On Tuesday, before the Committee of Supply, Mustapha explained that the changes to the management structure were made to accelerate the administration’s vision of making the sugar corporation viable again. At the time of his confirmation of the changes, he was responding to questions from Opposition Member of Parliament, Vinceroy Jordan, on whether there is consideration for changes.
“The management of GuySuCo, yes, we have made changes. We have made changes recently and we will continue. We have moved managers, we have replaced managers, and we will continue to do that. That’s a work in progress and we will continue to bring new managers into the system with new ideas,” Mustapha was quoted as saying.
Additionally, all Agriculture Managers at the estates have also been reshuffled.
Board of Directors
In October last year, a new Board of Directors was installed with former executive member Anthony Vieira and former Chairman Pravinchandra Dave, no longer members.
A new board now functions under the leadership of Madanlall Ramraj, who is also the Director General of the Ministry of Agriculture. Other members of the board include Director Ramnarayan Rupan, a veteran in the field of human resources; Director of Procurement, Desmond Sears; Chairman of the Finance and Marketing Committee, Paul Cheong; Jairam Petam, Mohamed Raffik, Roy Hanoman Singh, Shaleeza Shaw, Tarachand Balgobin, Shameera Evans, Aslim Singh, and Panday.
Back in August, Vieira and CEO Singh had clashed over the procurement of articulated tractors for the industry. This trigged Vieira’s resignation from the board.
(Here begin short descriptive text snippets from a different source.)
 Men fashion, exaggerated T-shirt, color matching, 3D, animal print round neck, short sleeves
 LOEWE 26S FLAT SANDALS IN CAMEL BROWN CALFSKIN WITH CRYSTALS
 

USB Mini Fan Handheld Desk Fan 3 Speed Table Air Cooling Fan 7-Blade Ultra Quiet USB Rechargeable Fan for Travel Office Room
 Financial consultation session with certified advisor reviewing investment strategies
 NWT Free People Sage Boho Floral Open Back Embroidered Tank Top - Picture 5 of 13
At a meeting prior to Vieira’s resignation, both he and Singh were engaged in a heated dispute over the management of the corporation and the decision to purchase the articulated tractors. A recording of the argument was leaked on social media, with both men trading insults.
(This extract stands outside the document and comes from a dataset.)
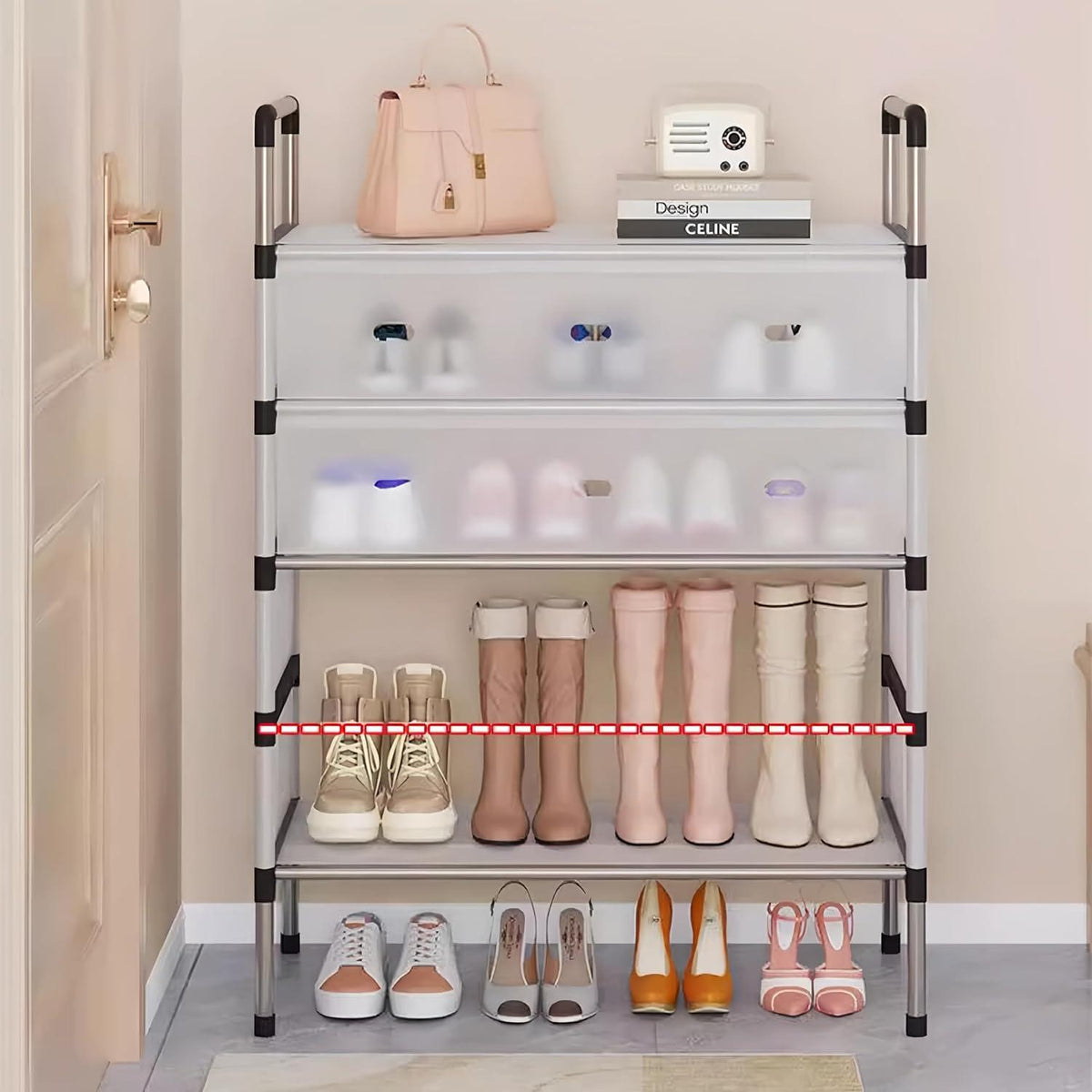 Sifxouped-Schuhregal 5-Tier Weiß Platzsparend & Geschlossen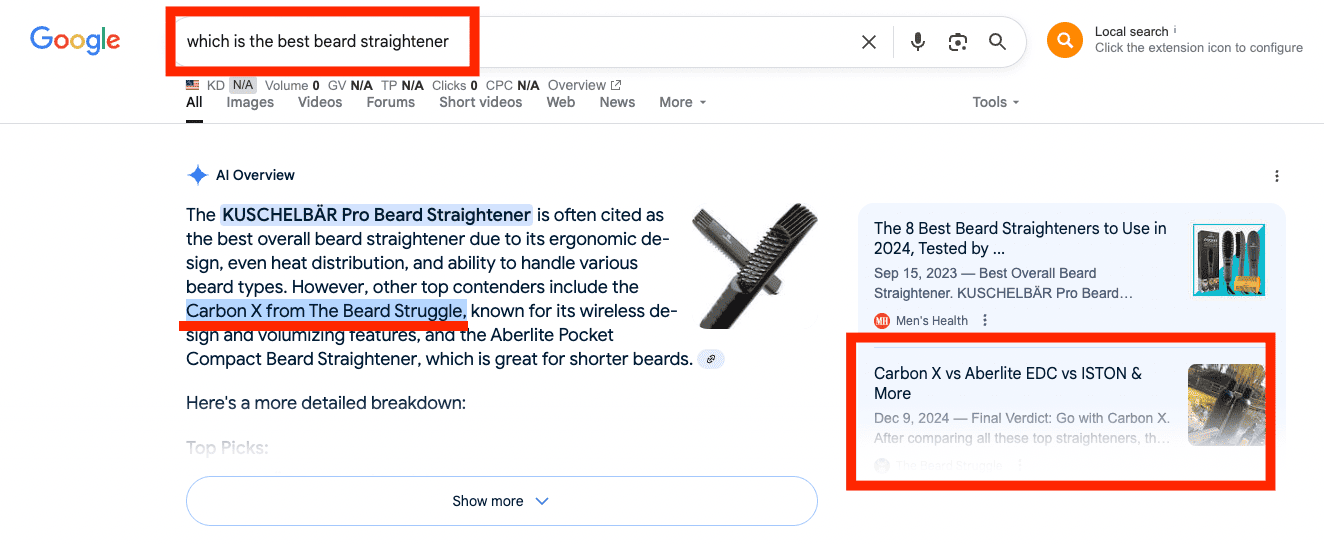 Google AI Overview citing Carbon X from The Beard Struggle for best beard straightener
Vieira, in his letter to the editor announcing his resignation, criticised Singh and his recommendation that the corporation purchase 22 articulated tractors instead of fixed frame tractors.
During the brief meeting at the installation of the board, Mustapha told the new board members that the revitalisation and modernisation of Guyana’s sugar industry remain of utmost importance to the Government and the people of Guyana.
Decision of the Board
The reshuffling, the source explained, is important to the turnaround of the industry. It is expected to aid in strengthening the management both the administration and field operations in an effort to arrest the decline in the industry.
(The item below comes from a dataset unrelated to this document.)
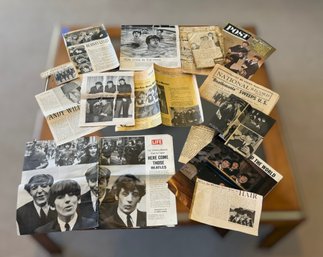 Vintage Beatles Beatlemania Ephemera Collection Featuring Newspaper Clippings, Magazine Features & Photograhs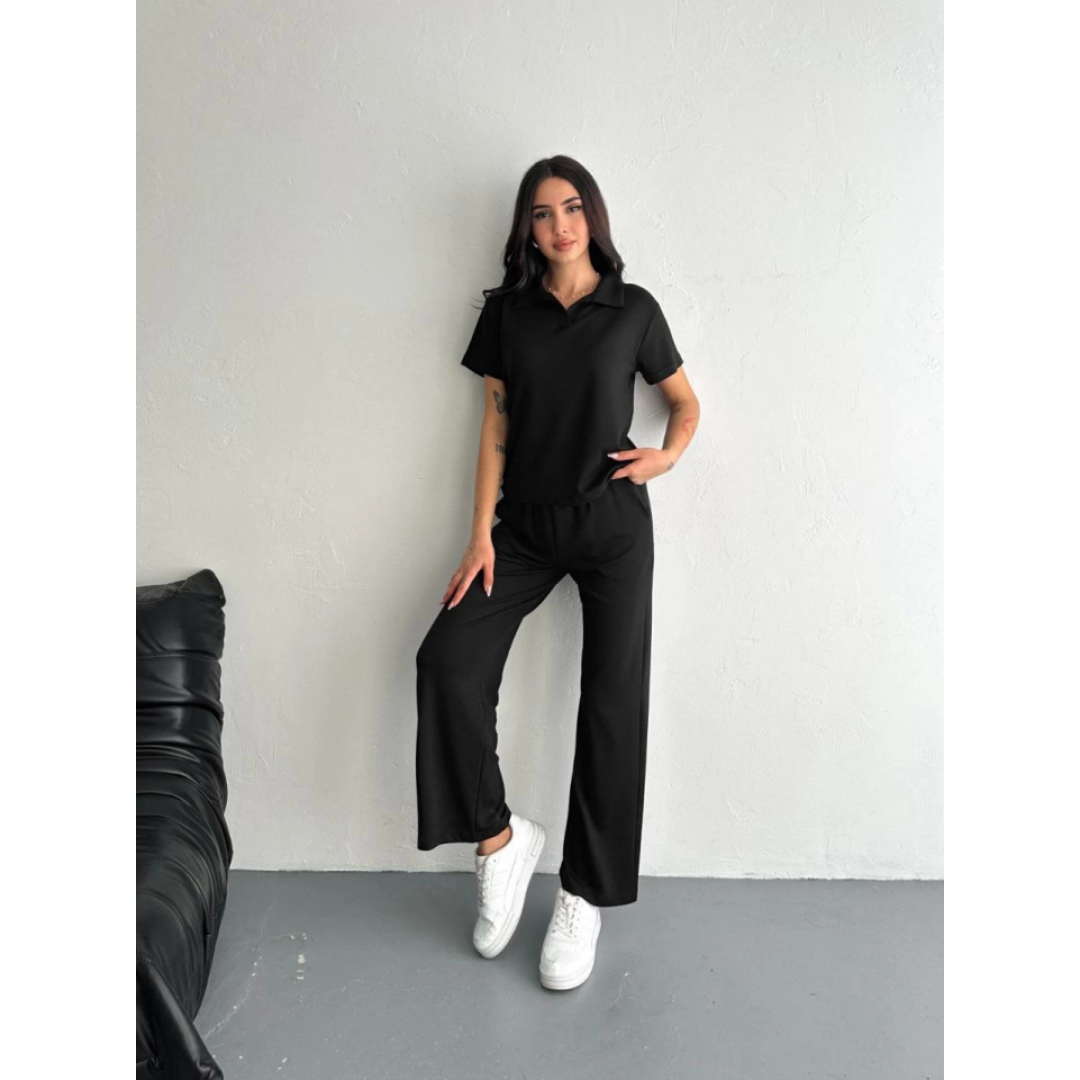 Osy Modal Yumuşak Dokulu Kumaş Kısa Kollu Yakalı T-shirt Pantalon Ikili Takım- Siyah 157950 Osy Modal Yumuşak Dokulu Kumaş Kısa Kollu Yakalı T-shirt Pantalon Ikili Takım- Siyah 157950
“These issues have been lying all the time. They faced the floods in 2021 and crop was bad. First crop 2022 was projected to be bad but second crop should not have been bad,” the source familiar with the industry opined.
It was disclosed that the Albion sugar estate fields were the worst performing for the second crop, failing to cultivate the quality of canes needed for production. The source said the former estate manager misled the board on a number of initiatives and scenarios at the estate. It is believed this contributed to the industry not being able to meet its target.
To prevent this from recurring, the new board has made the decision that the corporation engage private cane farmers to accelerate the rehabilitation of fields.
Contracts have already been awarded to private contractors for the cultivation of 4,000 hectares of lands in addition to GuySuCo’s 3,000 hectares. The cultivation of these lands is projected to push production to 100,000 metric tonnes of sugar in 2024. Grinding estates are expected to produce 60,000 metric tonnes of sugar for this year. The Rose Hall Estate is scheduled to reopen for the second crop of this year.
The corporation managed to produce 49,050 tonnes of sugar by the end of 2022. The initial annual production estimate for 2022 was set at 64,889 tonnes. The target figure was arrived at after a thorough examination of the canes in the fields.